►

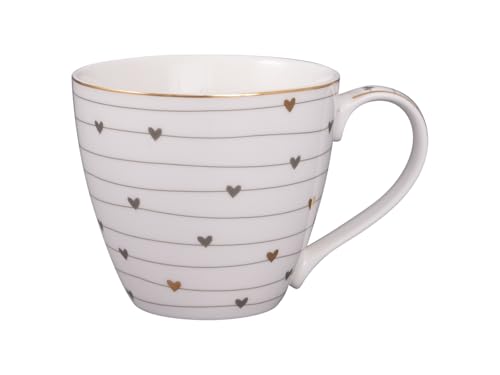 GreenGate Becher Grace Weiß mit Herzen in Grau und Gold Porzellan Tasse Goldrand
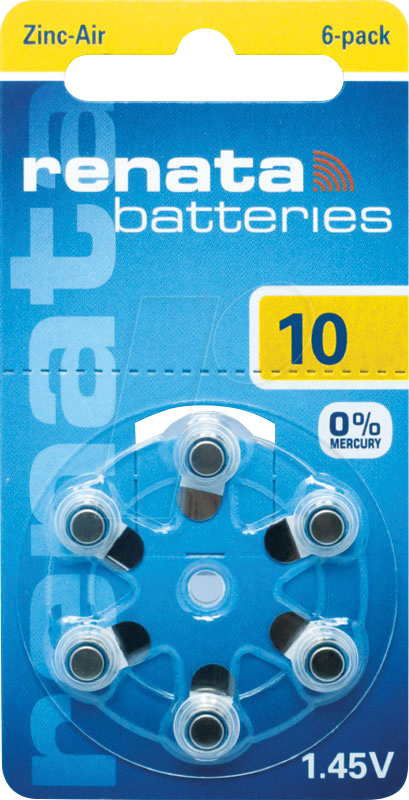 RENATA AIR 10 - Hörgerätebatterie, Zink-Luft, 5,8 x 3,6 mm, Aid 10, 6er-Pack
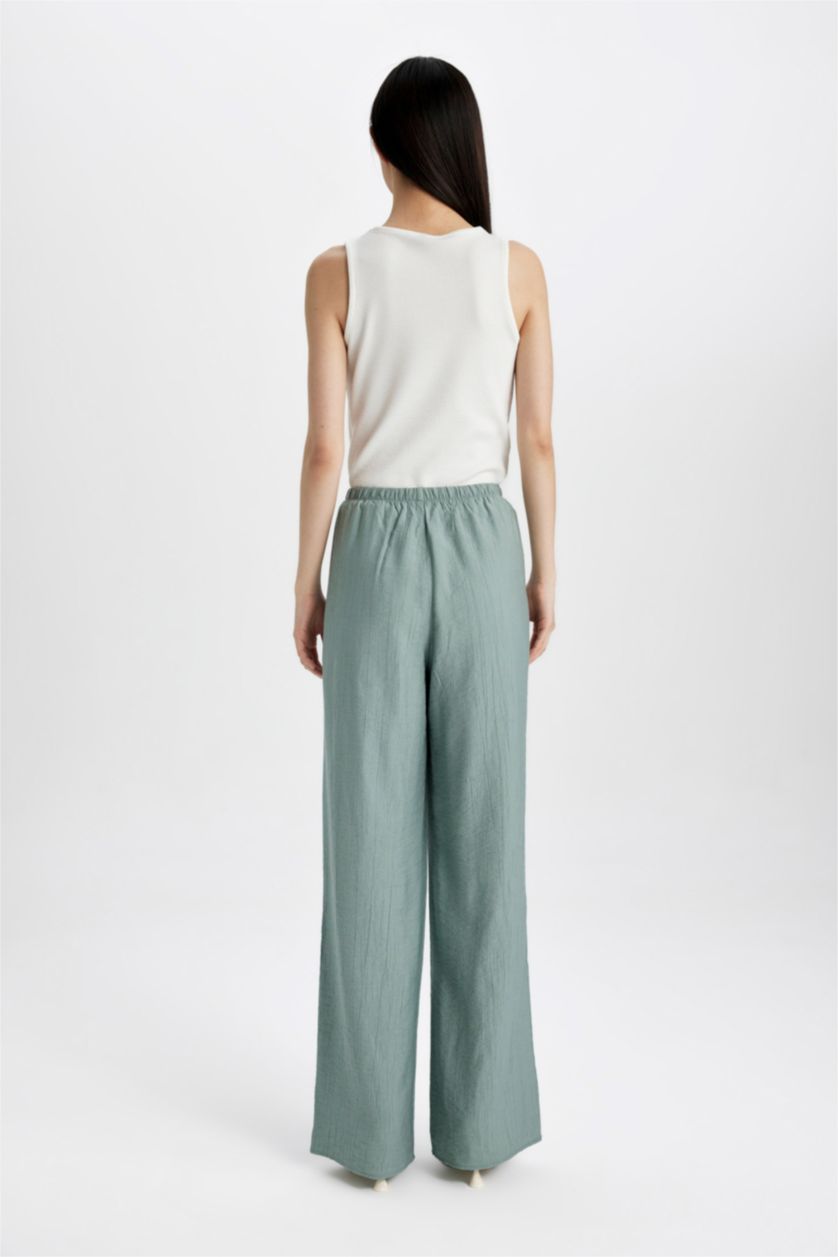 Женщины Светло-зеленый Брюки Straight Fit c высокой талией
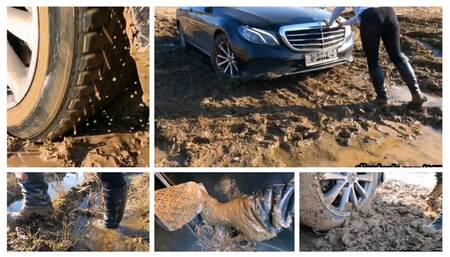 HOT PREMIERE BY JULIA: Real estate in pantyhose only has luxury Mercedes stuck hard in deep mud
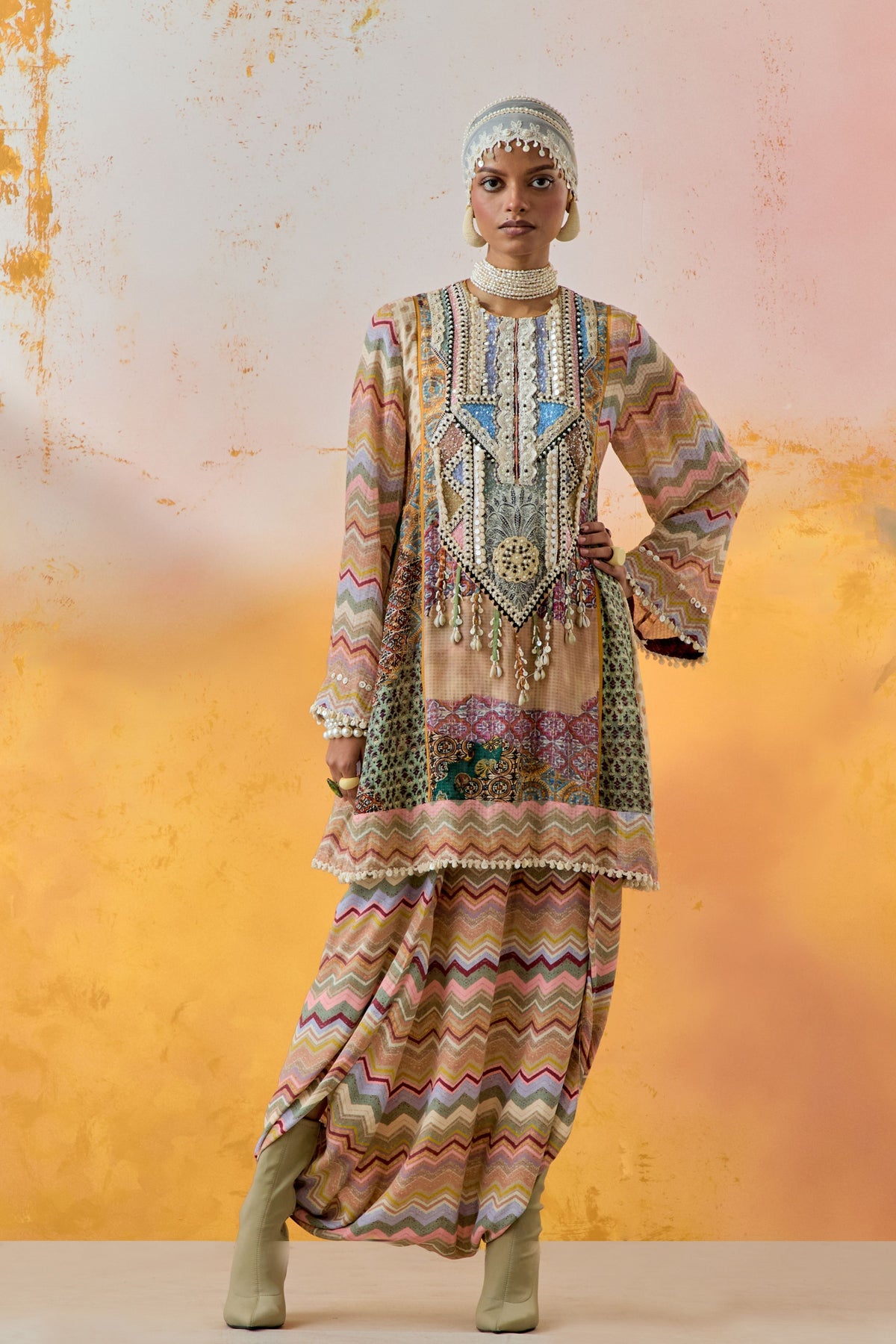 Multi Afghan Tunic Set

◄

In repeating the entries, exclude the pictures and alter nothing else.

 GreenGate Becher Grace Weiß mit Herzen in Grau und Gold Porzellan Tasse Goldrand
 RENATA AIR 10 - Hörgerätebatterie, Zink-Luft, 5,8 x 3,6 mm, Aid 10, 6er-Pack
 Женщины Светло-зеленый Брюки Straight Fit c высокой талией
 HOT PREMIERE BY JULIA: Real estate in pantyhose only has luxury Mercedes stuck hard in deep mud
 Multi Afghan Tunic Set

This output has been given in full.